BEGIN Supplied material

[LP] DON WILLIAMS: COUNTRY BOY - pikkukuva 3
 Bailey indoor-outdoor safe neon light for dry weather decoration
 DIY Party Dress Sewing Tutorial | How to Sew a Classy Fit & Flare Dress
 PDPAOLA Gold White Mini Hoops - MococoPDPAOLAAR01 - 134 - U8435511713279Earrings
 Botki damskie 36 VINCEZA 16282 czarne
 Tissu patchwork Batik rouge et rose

END Supplied material

Copy out the data exactly, keeping each line whole.

_Task solution_:
[LP] DON WILLIAMS: COUNTRY BOY - pikkukuva 3
 Bailey indoor-outdoor safe neon light for dry weather decoration
 DIY Party Dress Sewing Tutorial | How to Sew a Classy Fit & Flare Dress
 PDPAOLA Gold White Mini Hoops - MococoPDPAOLAAR01 - 134 - U8435511713279Earrings
 Botki damskie 36 VINCEZA 16282 czarne
 Tissu patchwork Batik rouge et rose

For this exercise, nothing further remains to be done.